Miami’s real estate-backed mayor reelected, Virginia Key marina lease rejected
Voters rejected ballot measure on no-bid Virginia Key marina lease
Miami Mayor Francis Suarez, who amassed major campaign contributions from the real estate industry, was reelected on Tuesday with nearly 79 percent of the vote.
Voters also rejected a ballot measure that would have authorized the city to waive competitive bidding and move forward with a 75-year lease with Virginia Key Marina’s current operator. Nearly 53 percent of voters rejected the ballot item.
Together with his political action committee, Suarez raised more than $6 million, a bulk of which came from out-of-state donors. The pro-development mayor has been pitching Miami as a hub for major tech and finance firms for roughly a year, courting major tech investors and promoting his connections on social media.

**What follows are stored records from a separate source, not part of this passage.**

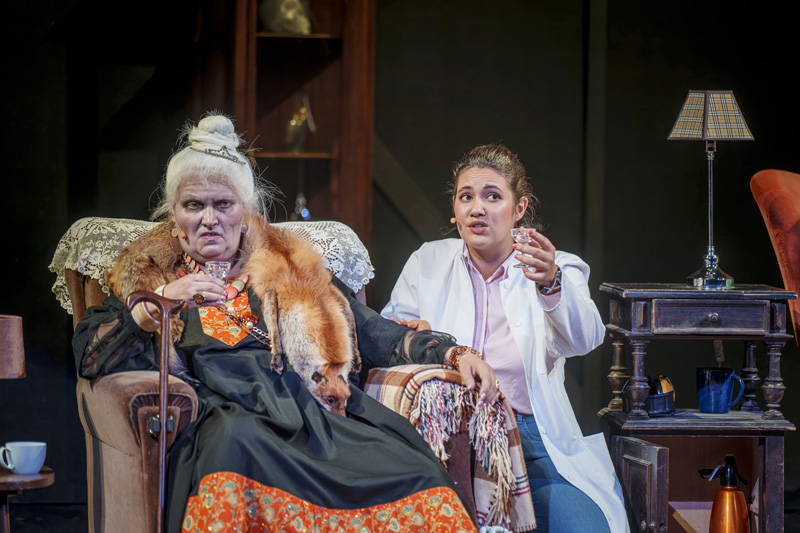 v.l.n.r.: Gisa Kümmerling (Frau Kümmerling) und Annalena Oswald (Schwester Annalena). Foto: Dirk Rückschloß/Pixore Photography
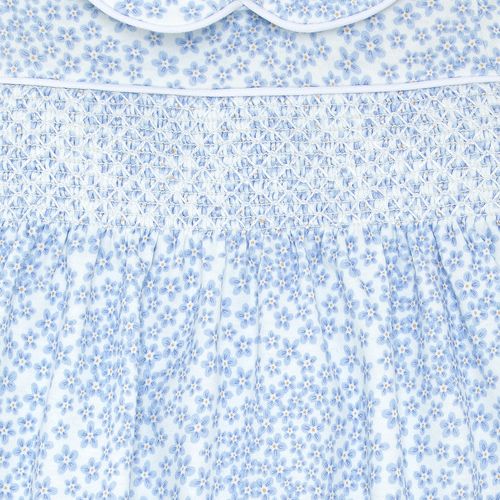 Macacão Vestido de Bebê Feminino Longo Algodão Egípcio Liberty Fabrics Daisy - AZUL
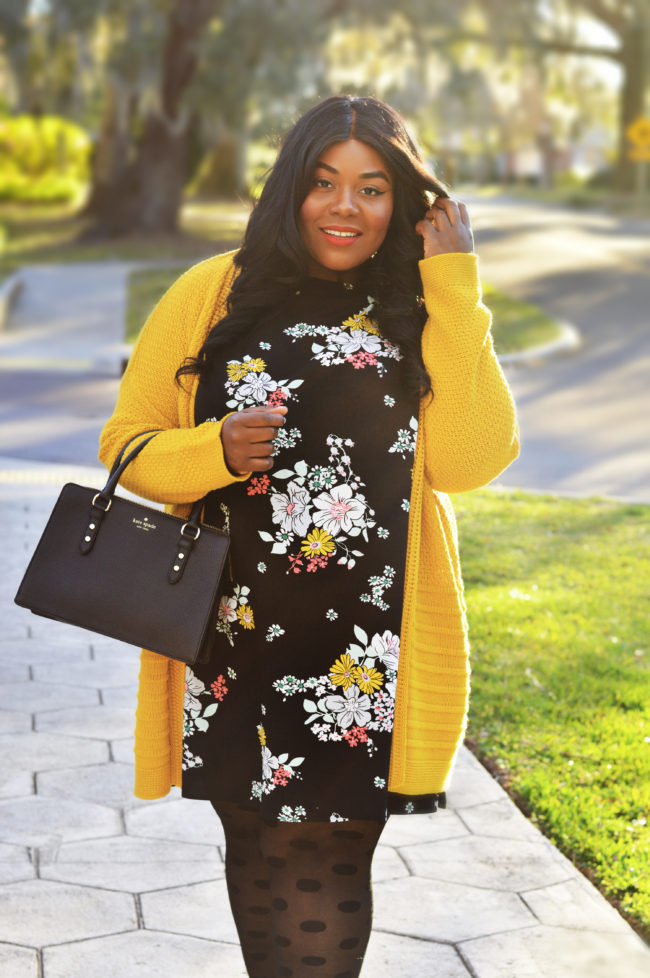 Musings of a Curvy Lady, Plus Size Fashion, Fashion Blogger, Women's Fashion, Old Navy, #OldNavyStyle, Floral Print Dress, Cardigan + Dress Combo, Boyfriend Cardigan, Mixed Prints, Kate Spade New York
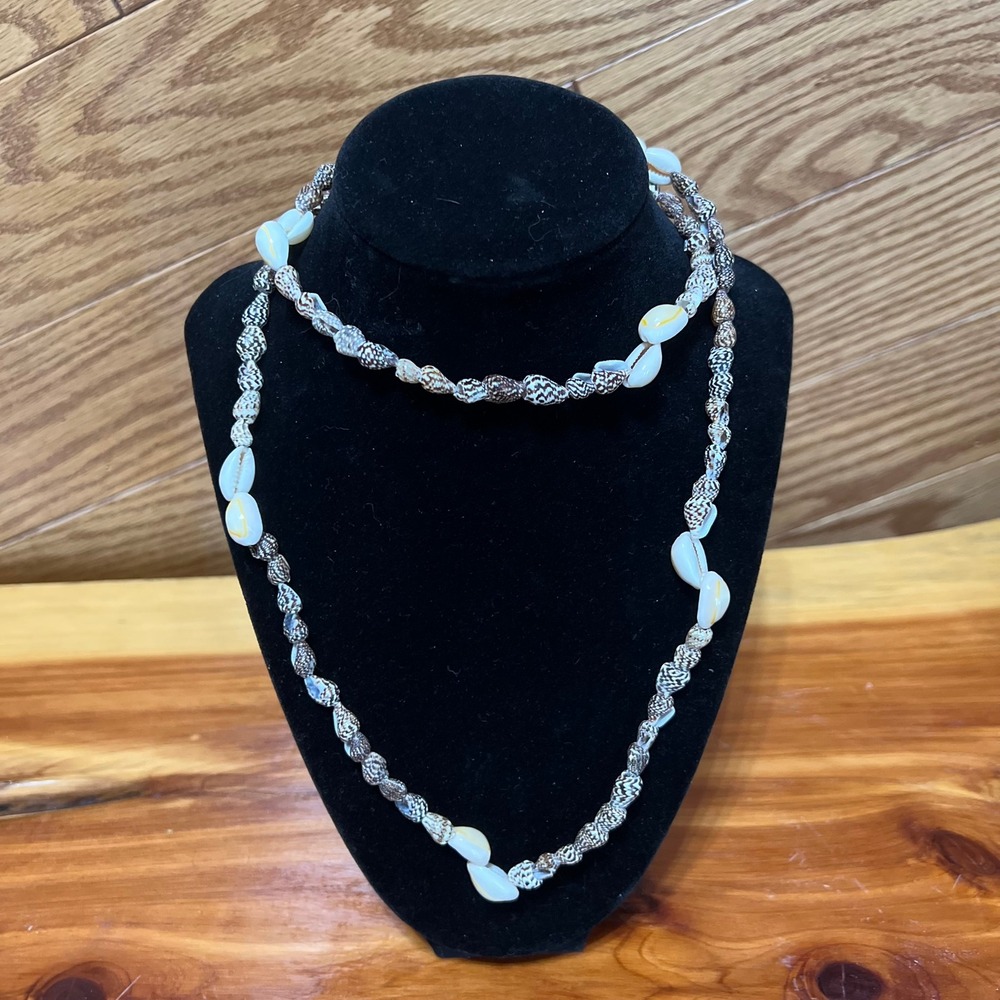 Vintage Boho Cowrie‎ and Puka Shell Long Strand Necklace Coastal Beach Jewelry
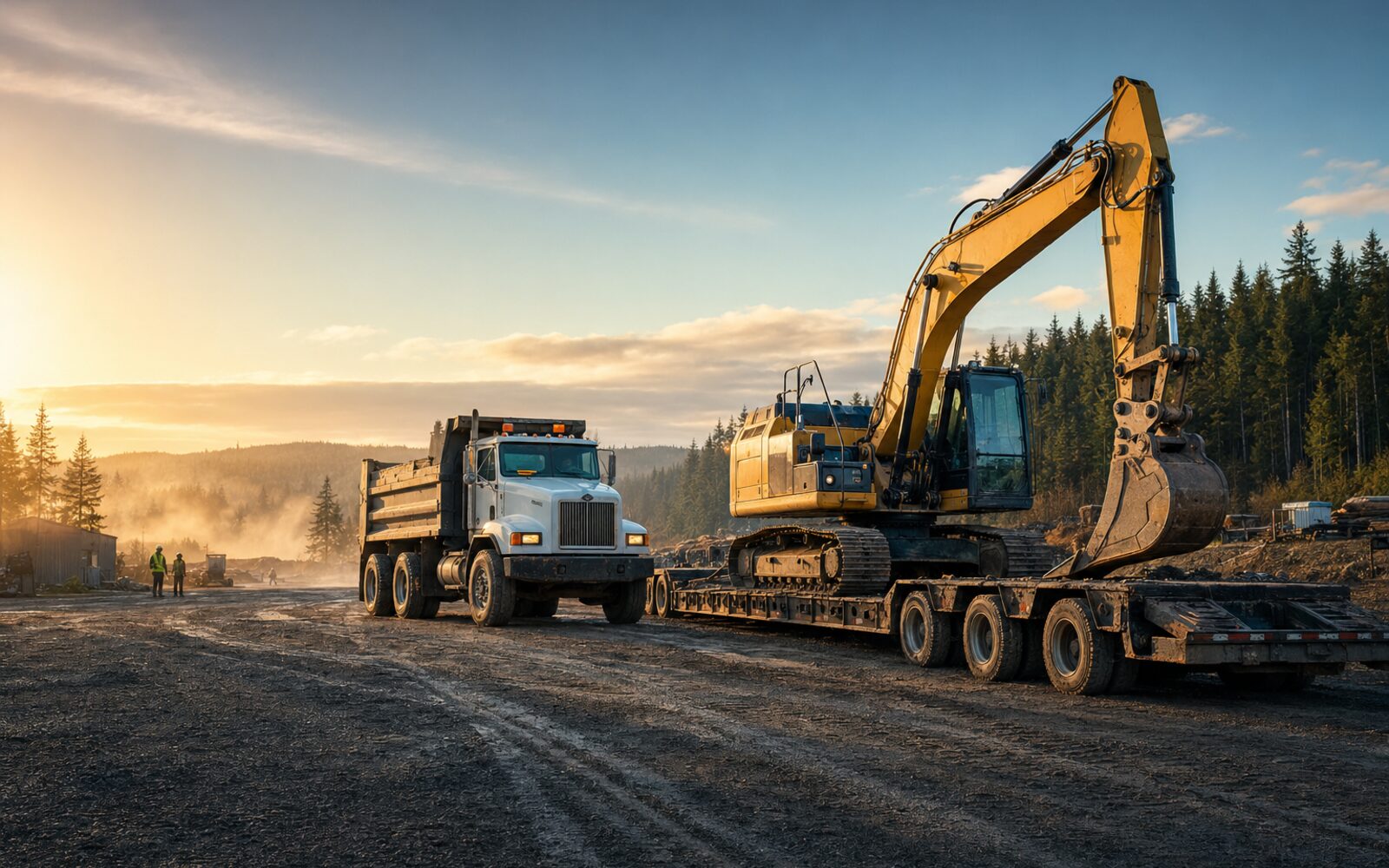 Commercial equipment fleet with excavator, vocational truck and trailer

Suarez, who was expected to be reelected, ran against Maxwell Martinez, Marie Exantus, Frank Pichel and Anthony Dutrow. Major donors to Suarez’s PAC, called Miami For Everyone, included David Edelstein’s TriStar Management, Chetrit Group, Property Markets Group, Ugo Colombo’s CMC Group, Moishe Mana’s Mana Group, Douglas Elliman parent company Vector Group, and others.
Commissioner Joe Carollo, a controversial figure who also collected a significant amount of cash from the real estate industry, was reelected as well, with 64 percent of the vote.

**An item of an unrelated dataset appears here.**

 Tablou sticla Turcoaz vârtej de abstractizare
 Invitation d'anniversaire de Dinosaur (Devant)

Miami voters rejected the Virginia Key no-bid lease with Biscayne Marina Partners LLC. Less than a month ago, Virginia Key LLC, a partnership between Miami Beach-based RCI Marine and Dallas-based Suntex Marinas, sued Miami-Dade Elections Supervisor Christina White, the city of Miami and Biscayne Marine, which is led by the current operator Rickenbacker Marina Inc., over the redevelopment proposal.
Competing developers have engaged in a vicious, yearslong fight to lease the city-owned 27-acre Virginia Key site at 3301 Rickenbacker Causeway.

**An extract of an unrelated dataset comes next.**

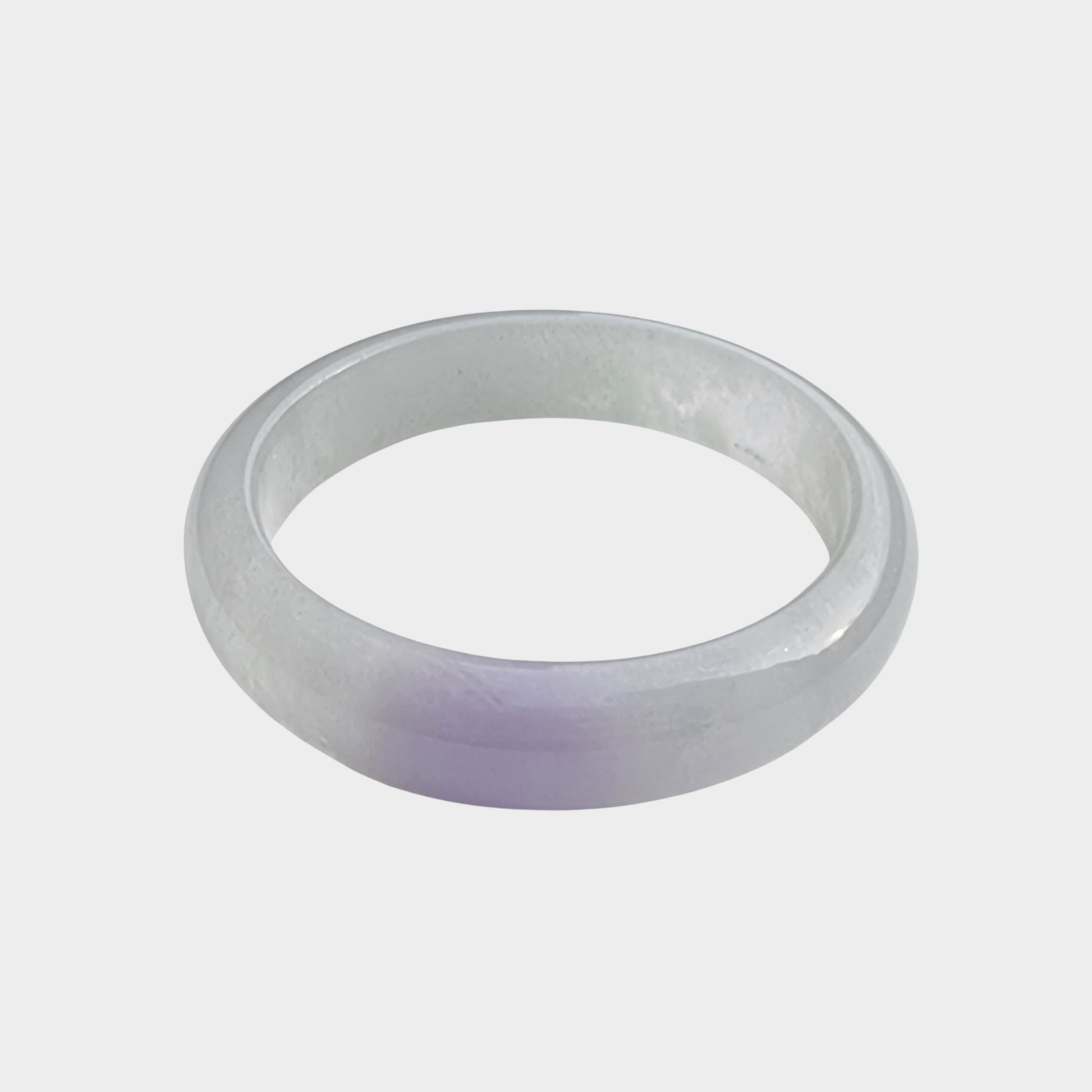 Icy with Lavender Jadeite Jade Bangle 56mm Half Round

In the lawsuit filed in October, the MCI and Suntex partnership alleged the Miami City Commission showed “blatant and illegal favoritism” in awarding a multimillion-dollar marina redevelopment proposal to its competitor, which was subject to voters’ approval.
Biscayne Marine Partners proposed reconstructing the marina on Virginia Key into a mixed-use marina campus with slips, a dry dock boat storage facility, stores, restaurants and fueling facilities.